Still, one year later in 2019 the homeless population increased to about 8,035 and the latest numbers for 2022, 7,754, see a slight improvement but still not better than in 2017.
Adding to the crisis is the rapid increase in the use of deadly fentanyl, which has incapacitated many who are trying to get off the streets.
"I haven't seen not too many people get off of fentanyl on their own free will. It takes help," said JJ Smith, a Tenderloin resident, who had just come back from attending a service for a 23 year-old who died of a fentanyl overdose.
So far this year, from January to July, 473 people have died of accidental overdoses, 385 due to fentanyl and the city is on track to reach a record 800 or more deaths this year.
But this week, some of those negative images of San Francisco have been conveniently tucked away.

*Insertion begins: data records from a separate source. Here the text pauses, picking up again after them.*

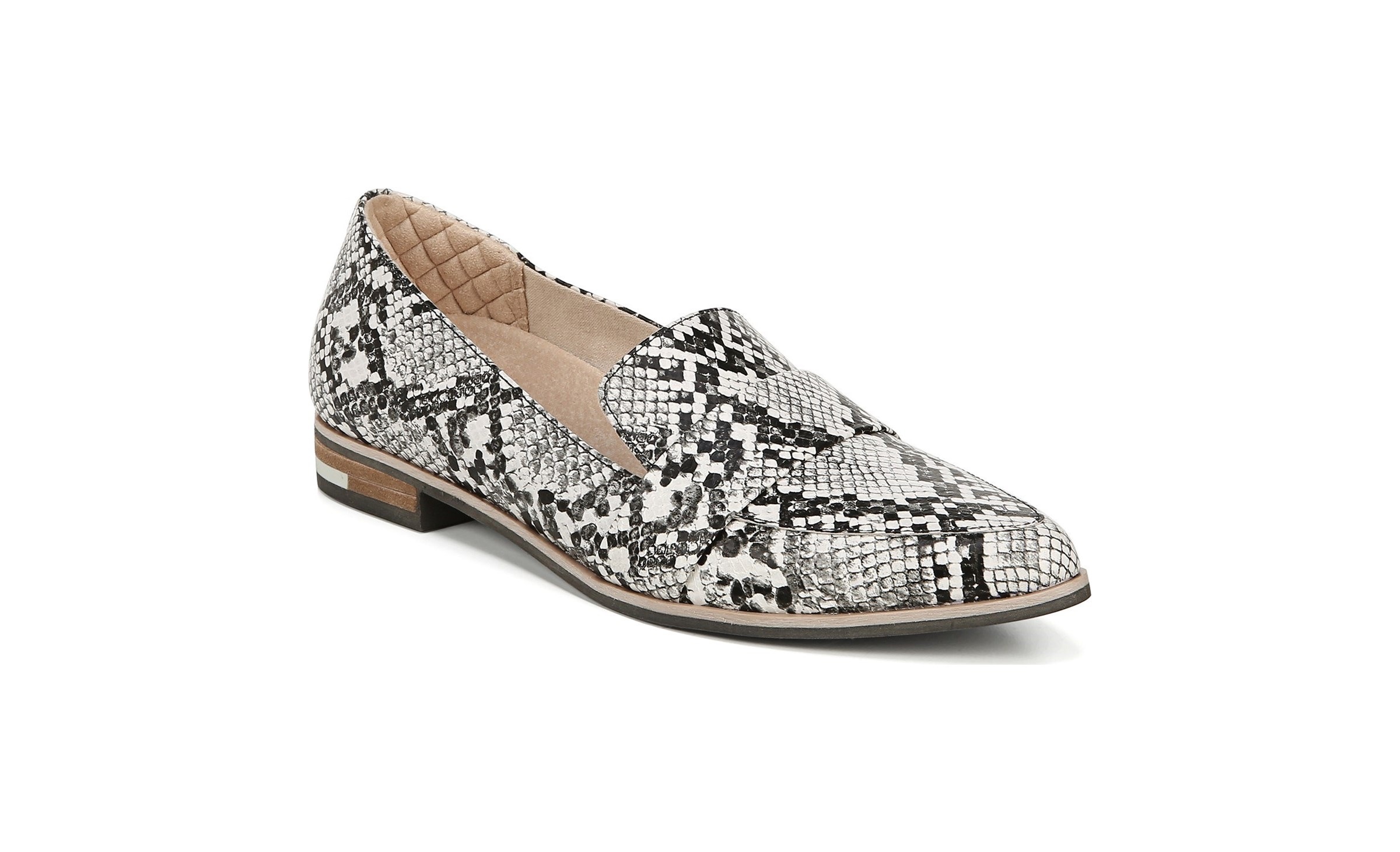 Dr scholls faxon loafer shop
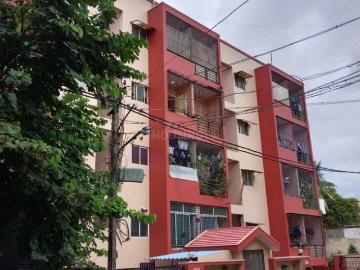 2 BHK Apartment in RMV Extension Stage 2 for rent...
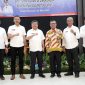 Bupati Garut, Rudy Gunawan, Pimpin Kick Off Meeting dan Pendampingan Teknis Penilaian Mandiri Maturitas SPIP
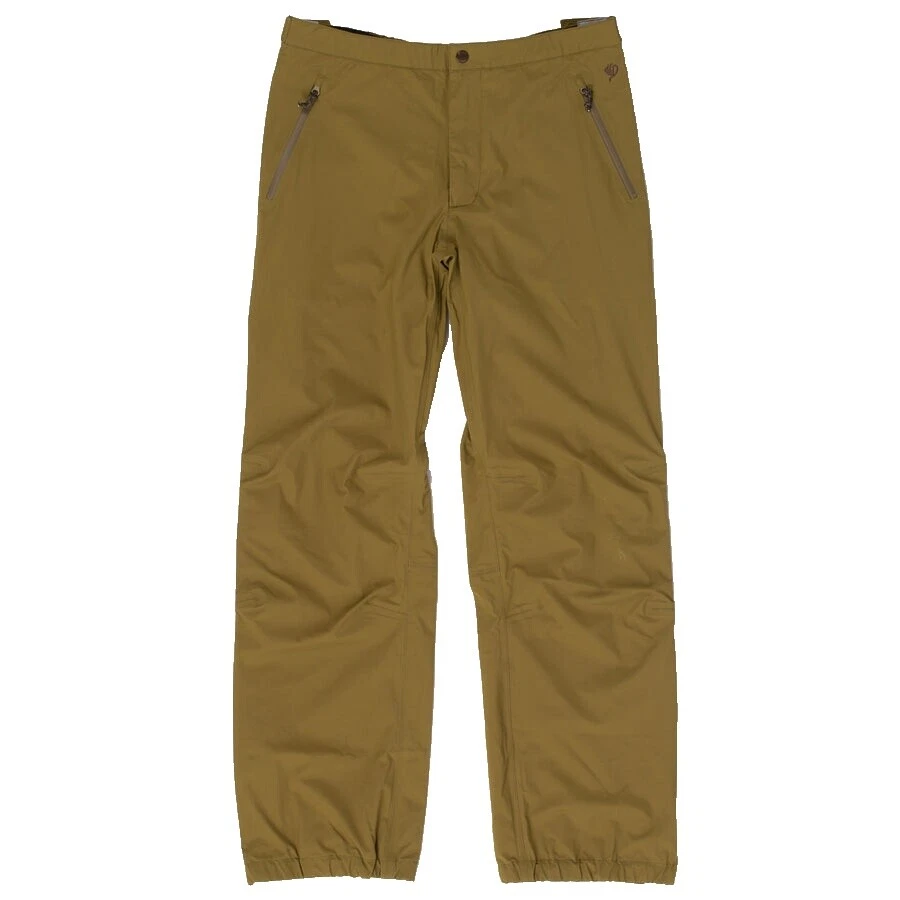 Pantalones de pato para hombre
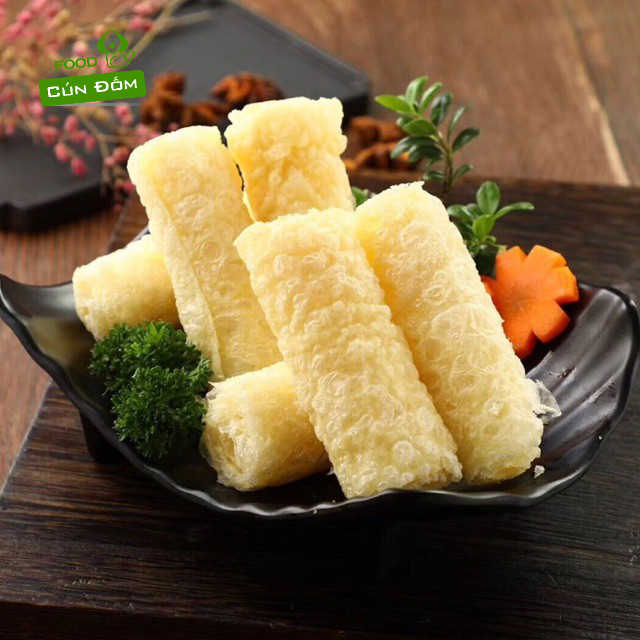 Phù trúc cuộn Ring Roll Haidilao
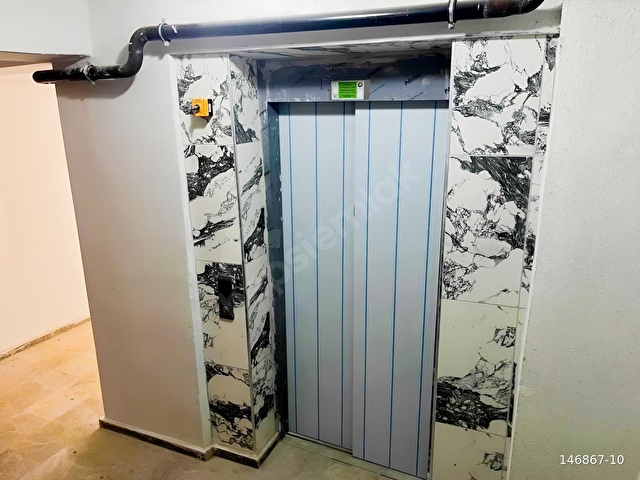 ÇOK ÇOK ACİL SATILIK SIFIR DAİRE - Görsel 3
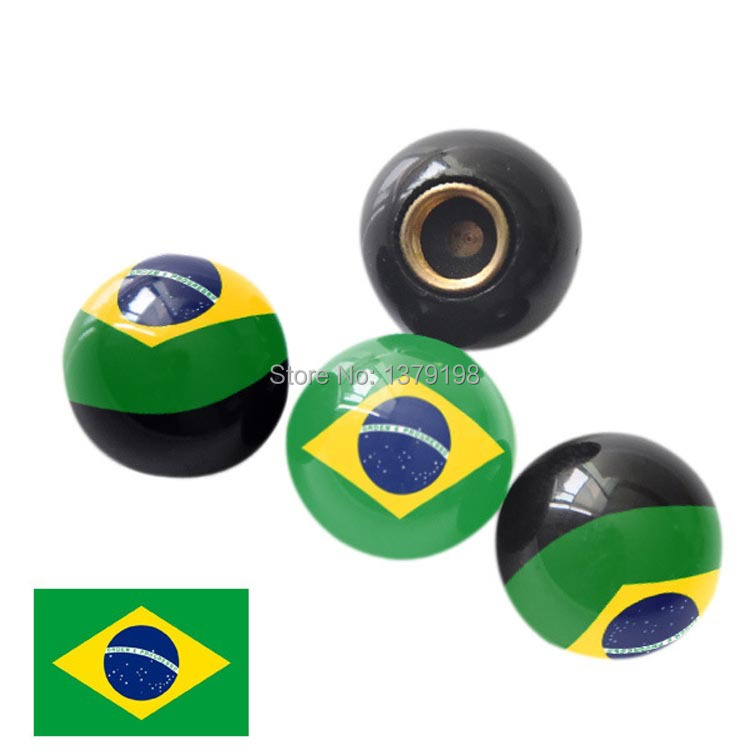 Brazil Flag tire valve cap.jpg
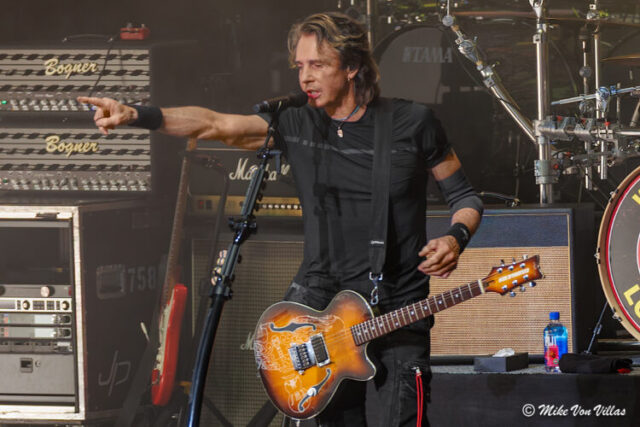 Rick Springfield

"Why can't San Francisco not be like this every single day?" asked Benioff. To which Governor Newsom responded, "Things have shifted, you've had it, you want accountability and everybody's job is on the line and it should be. You're right to be angry about this and it's time for cities to step up. It's no longer acceptable what's happening on the streets and sidewalks."
We asked Sam Cobbs of Tipping Point now that the governor has said he wants more accountability from every city official in San Francisco, will there finally be change in the city?
"I do believe that we're going to finally have change in San Francisco. But we also have to have accountability from our politicians and elected officials. We cannot continue to make homelessness the number one political issue in our city. And so that one politician is trying to solve it while another politician who wants to take their place is actually trying to undercut them because the worse it gets, the greater off their chances are, and so we need to have accountability from everyone," concluded Cobbs.
In about two months, San Francisco will host the Asia-Pacific Economic Cooperation Summit with leaders from different parts of the world, including President Biden. It's a big deal. The area around Moscone Center will be safe and clean, but those participating in that Summit will not, by any means, be confined there and will travel outside of that zone. What they see will be written about and talked about back home much to the benefit or detriment of this city.